Would you print every entry exactly as it appears?

○ ○ ○

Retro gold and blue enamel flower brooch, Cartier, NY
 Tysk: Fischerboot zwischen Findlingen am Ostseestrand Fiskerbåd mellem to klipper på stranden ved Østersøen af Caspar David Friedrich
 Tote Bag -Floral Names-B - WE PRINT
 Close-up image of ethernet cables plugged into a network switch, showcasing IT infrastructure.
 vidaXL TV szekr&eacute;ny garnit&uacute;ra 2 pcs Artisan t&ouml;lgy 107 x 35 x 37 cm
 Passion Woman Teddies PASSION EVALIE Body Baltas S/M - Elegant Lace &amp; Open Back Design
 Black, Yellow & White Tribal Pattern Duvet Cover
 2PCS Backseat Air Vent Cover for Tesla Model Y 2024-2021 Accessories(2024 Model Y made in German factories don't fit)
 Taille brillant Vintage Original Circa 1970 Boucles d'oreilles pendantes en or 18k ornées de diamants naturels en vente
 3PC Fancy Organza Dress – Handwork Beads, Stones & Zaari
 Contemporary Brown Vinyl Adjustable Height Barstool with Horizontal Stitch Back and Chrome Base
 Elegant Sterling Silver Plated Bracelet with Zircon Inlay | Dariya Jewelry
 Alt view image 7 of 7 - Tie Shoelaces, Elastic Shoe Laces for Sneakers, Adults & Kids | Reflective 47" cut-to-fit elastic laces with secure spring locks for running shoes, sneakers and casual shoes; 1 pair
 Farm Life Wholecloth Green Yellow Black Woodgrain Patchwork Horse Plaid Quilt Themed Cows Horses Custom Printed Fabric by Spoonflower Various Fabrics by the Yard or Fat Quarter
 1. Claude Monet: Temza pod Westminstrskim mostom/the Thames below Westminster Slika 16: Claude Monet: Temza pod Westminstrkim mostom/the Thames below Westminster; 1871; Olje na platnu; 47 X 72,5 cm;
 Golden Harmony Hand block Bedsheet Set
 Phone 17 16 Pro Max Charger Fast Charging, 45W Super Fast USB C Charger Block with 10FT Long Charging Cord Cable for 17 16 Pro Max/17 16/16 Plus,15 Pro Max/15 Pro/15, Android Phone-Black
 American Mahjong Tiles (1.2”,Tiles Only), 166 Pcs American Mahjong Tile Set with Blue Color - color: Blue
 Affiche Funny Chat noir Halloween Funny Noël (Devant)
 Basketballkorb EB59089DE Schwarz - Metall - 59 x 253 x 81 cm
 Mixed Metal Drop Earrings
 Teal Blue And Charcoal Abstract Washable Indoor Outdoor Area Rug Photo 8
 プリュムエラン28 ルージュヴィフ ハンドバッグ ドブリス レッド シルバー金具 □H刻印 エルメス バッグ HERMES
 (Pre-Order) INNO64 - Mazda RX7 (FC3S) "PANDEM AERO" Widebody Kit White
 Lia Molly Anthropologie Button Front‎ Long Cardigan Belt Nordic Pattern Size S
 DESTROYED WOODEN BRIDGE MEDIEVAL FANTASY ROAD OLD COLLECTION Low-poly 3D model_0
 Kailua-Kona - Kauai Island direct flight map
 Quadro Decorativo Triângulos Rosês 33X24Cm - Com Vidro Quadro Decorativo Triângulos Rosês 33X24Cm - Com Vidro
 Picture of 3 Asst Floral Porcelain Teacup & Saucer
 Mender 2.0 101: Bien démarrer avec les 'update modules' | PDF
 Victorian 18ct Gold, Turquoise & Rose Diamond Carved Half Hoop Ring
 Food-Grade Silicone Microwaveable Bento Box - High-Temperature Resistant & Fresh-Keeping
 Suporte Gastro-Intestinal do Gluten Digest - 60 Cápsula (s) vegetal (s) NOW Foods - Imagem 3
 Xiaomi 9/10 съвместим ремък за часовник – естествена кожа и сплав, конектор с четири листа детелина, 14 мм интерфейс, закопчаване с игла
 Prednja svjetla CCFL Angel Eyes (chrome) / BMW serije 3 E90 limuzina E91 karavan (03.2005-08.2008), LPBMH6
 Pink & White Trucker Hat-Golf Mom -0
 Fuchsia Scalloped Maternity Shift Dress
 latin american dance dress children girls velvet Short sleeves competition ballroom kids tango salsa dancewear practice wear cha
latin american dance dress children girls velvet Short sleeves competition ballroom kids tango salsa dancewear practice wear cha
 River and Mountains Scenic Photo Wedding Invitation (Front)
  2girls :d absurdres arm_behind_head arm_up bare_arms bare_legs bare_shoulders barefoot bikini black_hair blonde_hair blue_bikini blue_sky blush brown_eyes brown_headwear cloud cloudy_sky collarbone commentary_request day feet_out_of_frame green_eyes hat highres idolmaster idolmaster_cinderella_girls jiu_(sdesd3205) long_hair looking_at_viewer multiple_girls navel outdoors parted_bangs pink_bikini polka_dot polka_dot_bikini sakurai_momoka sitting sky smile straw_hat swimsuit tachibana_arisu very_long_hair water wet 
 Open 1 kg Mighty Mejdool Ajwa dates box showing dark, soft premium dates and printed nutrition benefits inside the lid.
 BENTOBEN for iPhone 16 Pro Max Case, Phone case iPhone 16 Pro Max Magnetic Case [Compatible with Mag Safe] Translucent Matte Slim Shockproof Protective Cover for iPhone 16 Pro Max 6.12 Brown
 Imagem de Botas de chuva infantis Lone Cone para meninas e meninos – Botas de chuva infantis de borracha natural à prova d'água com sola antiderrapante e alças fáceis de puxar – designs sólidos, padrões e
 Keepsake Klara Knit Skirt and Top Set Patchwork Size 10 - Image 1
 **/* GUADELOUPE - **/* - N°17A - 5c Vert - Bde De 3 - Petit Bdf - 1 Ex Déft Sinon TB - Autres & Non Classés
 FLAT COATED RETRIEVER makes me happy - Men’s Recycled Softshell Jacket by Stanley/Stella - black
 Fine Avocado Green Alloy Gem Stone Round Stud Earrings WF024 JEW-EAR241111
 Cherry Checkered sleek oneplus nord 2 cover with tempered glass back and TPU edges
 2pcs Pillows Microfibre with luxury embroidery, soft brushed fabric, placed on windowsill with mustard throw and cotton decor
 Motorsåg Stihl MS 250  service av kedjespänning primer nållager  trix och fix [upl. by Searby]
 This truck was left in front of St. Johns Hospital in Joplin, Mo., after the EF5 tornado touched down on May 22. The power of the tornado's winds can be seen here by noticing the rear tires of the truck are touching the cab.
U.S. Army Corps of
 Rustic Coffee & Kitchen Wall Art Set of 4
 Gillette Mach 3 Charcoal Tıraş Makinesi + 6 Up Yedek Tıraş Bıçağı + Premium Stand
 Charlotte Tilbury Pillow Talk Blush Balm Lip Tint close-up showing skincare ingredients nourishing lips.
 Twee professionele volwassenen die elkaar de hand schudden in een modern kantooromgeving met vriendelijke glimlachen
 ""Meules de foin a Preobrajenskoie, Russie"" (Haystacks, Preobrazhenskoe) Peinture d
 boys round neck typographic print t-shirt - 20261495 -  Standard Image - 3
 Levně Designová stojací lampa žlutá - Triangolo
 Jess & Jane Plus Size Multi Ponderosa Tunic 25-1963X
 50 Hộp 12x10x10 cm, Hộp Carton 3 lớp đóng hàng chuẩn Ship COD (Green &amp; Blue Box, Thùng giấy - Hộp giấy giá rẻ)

○ ○ ○

• [Result for this exercise]:
Retro gold and blue enamel flower brooch, Cartier, NY
 Tysk: Fischerboot zwischen Findlingen am Ostseestrand Fiskerbåd mellem to klipper på stranden ved Østersøen af Caspar David Friedrich
 Tote Bag -Floral Names-B - WE PRINT
 Close-up image of ethernet cables plugged into a network switch, showcasing IT infrastructure.
 vidaXL TV szekr&eacute;ny garnit&uacute;ra 2 pcs Artisan t&ouml;lgy 107 x 35 x 37 cm
 Passion Woman Teddies PASSION EVALIE Body Baltas S/M - Elegant Lace &amp; Open Back Design
 Black, Yellow & White Tribal Pattern Duvet Cover
 2PCS Backseat Air Vent Cover for Tesla Model Y 2024-2021 Accessories(2024 Model Y made in German factories don't fit)
 Taille brillant Vintage Original Circa 1970 Boucles d'oreilles pendantes en or 18k ornées de diamants naturels en vente
 3PC Fancy Organza Dress – Handwork Beads, Stones & Zaari
 Contemporary Brown Vinyl Adjustable Height Barstool with Horizontal Stitch Back and Chrome Base
 Elegant Sterling Silver Plated Bracelet with Zircon Inlay | Dariya Jewelry
 Alt view image 7 of 7 - Tie Shoelaces, Elastic Shoe Laces for Sneakers, Adults & Kids | Reflective 47" cut-to-fit elastic laces with secure spring locks for running shoes, sneakers and casual shoes; 1 pair
 Farm Life Wholecloth Green Yellow Black Woodgrain Patchwork Horse Plaid Quilt Themed Cows Horses Custom Printed Fabric by Spoonflower Various Fabrics by the Yard or Fat Quarter
 1. Claude Monet: Temza pod Westminstrskim mostom/the Thames below Westminster Slika 16: Claude Monet: Temza pod Westminstrkim mostom/the Thames below Westminster; 1871; Olje na platnu; 47 X 72,5 cm;
 Golden Harmony Hand block Bedsheet Set
 Phone 17 16 Pro Max Charger Fast Charging, 45W Super Fast USB C Charger Block with 10FT Long Charging Cord Cable for 17 16 Pro Max/17 16/16 Plus,15 Pro Max/15 Pro/15, Android Phone-Black
 American Mahjong Tiles (1.2”,Tiles Only), 166 Pcs American Mahjong Tile Set with Blue Color - color: Blue
 Affiche Funny Chat noir Halloween Funny Noël (Devant)
 Basketballkorb EB59089DE Schwarz - Metall - 59 x 253 x 81 cm
 Mixed Metal Drop Earrings
 Teal Blue And Charcoal Abstract Washable Indoor Outdoor Area Rug Photo 8
 プリュムエラン28 ルージュヴィフ ハンドバッグ ドブリス レッド シルバー金具 □H刻印 エルメス バッグ HERMES
 (Pre-Order) INNO64 - Mazda RX7 (FC3S) "PANDEM AERO" Widebody Kit White
 Lia Molly Anthropologie Button Front‎ Long Cardigan Belt Nordic Pattern Size S
 DESTROYED WOODEN BRIDGE MEDIEVAL FANTASY ROAD OLD COLLECTION Low-poly 3D model_0
 Kailua-Kona - Kauai Island direct flight map
 Quadro Decorativo Triângulos Rosês 33X24Cm - Com Vidro Quadro Decorativo Triângulos Rosês 33X24Cm - Com Vidro
 Picture of 3 Asst Floral Porcelain Teacup & Saucer
 Mender 2.0 101: Bien démarrer avec les 'update modules' | PDF
 Victorian 18ct Gold, Turquoise & Rose Diamond Carved Half Hoop Ring
 Food-Grade Silicone Microwaveable Bento Box - High-Temperature Resistant & Fresh-Keeping
 Suporte Gastro-Intestinal do Gluten Digest - 60 Cápsula (s) vegetal (s) NOW Foods - Imagem 3
 Xiaomi 9/10 съвместим ремък за часовник – естествена кожа и сплав, конектор с четири листа детелина, 14 мм интерфейс, закопчаване с игла
 Prednja svjetla CCFL Angel Eyes (chrome) / BMW serije 3 E90 limuzina E91 karavan (03.2005-08.2008), LPBMH6
 Pink & White Trucker Hat-Golf Mom -0
 Fuchsia Scalloped Maternity Shift Dress
 latin american dance dress children girls velvet Short sleeves competition ballroom kids tango salsa dancewear practice wear cha
latin american dance dress children girls velvet Short sleeves competition ballroom kids tango salsa dancewear practice wear cha
 River and Mountains Scenic Photo Wedding Invitation (Front)
  2girls :d absurdres arm_behind_head arm_up bare_arms bare_legs bare_shoulders barefoot bikini black_hair blonde_hair blue_bikini blue_sky blush brown_eyes brown_headwear cloud cloudy_sky collarbone commentary_request day feet_out_of_frame green_eyes hat highres idolmaster idolmaster_cinderella_girls jiu_(sdesd3205) long_hair looking_at_viewer multiple_girls navel outdoors parted_bangs pink_bikini polka_dot polka_dot_bikini sakurai_momoka sitting sky smile straw_hat swimsuit tachibana_arisu very_long_hair water wet 
 Open 1 kg Mighty Mejdool Ajwa dates box showing dark, soft premium dates and printed nutrition benefits inside the lid.
 BENTOBEN for iPhone 16 Pro Max Case, Phone case iPhone 16 Pro Max Magnetic Case [Compatible with Mag Safe] Translucent Matte Slim Shockproof Protective Cover for iPhone 16 Pro Max 6.12 Brown
 Imagem de Botas de chuva infantis Lone Cone para meninas e meninos – Botas de chuva infantis de borracha natural à prova d'água com sola antiderrapante e alças fáceis de puxar – designs sólidos, padrões e
 Keepsake Klara Knit Skirt and Top Set Patchwork Size 10 - Image 1
 **/* GUADELOUPE - **/* - N°17A - 5c Vert - Bde De 3 - Petit Bdf - 1 Ex Déft Sinon TB - Autres & Non Classés
 FLAT COATED RETRIEVER makes me happy - Men’s Recycled Softshell Jacket by Stanley/Stella - black
 Fine Avocado Green Alloy Gem Stone Round Stud Earrings WF024 JEW-EAR241111
 Cherry Checkered sleek oneplus nord 2 cover with tempered glass back and TPU edges
 2pcs Pillows Microfibre with luxury embroidery, soft brushed fabric, placed on windowsill with mustard throw and cotton decor
 Motorsåg Stihl MS 250  service av kedjespänning primer nållager  trix och fix [upl. by Searby]
 This truck was left in front of St. Johns Hospital in Joplin, Mo., after the EF5 tornado touched down on May 22. The power of the tornado's winds can be seen here by noticing the rear tires of the truck are touching the cab.
U.S. Army Corps of
 Rustic Coffee & Kitchen Wall Art Set of 4
 Gillette Mach 3 Charcoal Tıraş Makinesi + 6 Up Yedek Tıraş Bıçağı + Premium Stand
 Charlotte Tilbury Pillow Talk Blush Balm Lip Tint close-up showing skincare ingredients nourishing lips.
 Twee professionele volwassenen die elkaar de hand schudden in een modern kantooromgeving met vriendelijke glimlachen
 ""Meules de foin a Preobrajenskoie, Russie"" (Haystacks, Preobrazhenskoe) Peinture d
 boys round neck typographic print t-shirt - 20261495 -  Standard Image - 3
 Levně Designová stojací lampa žlutá - Triangolo
 Jess & Jane Plus Size Multi Ponderosa Tunic 25-1963X
 50 Hộp 12x10x10 cm, Hộp Carton 3 lớp đóng hàng chuẩn Ship COD (Green &amp; Blue Box, Thùng giấy - Hộp giấy giá rẻ)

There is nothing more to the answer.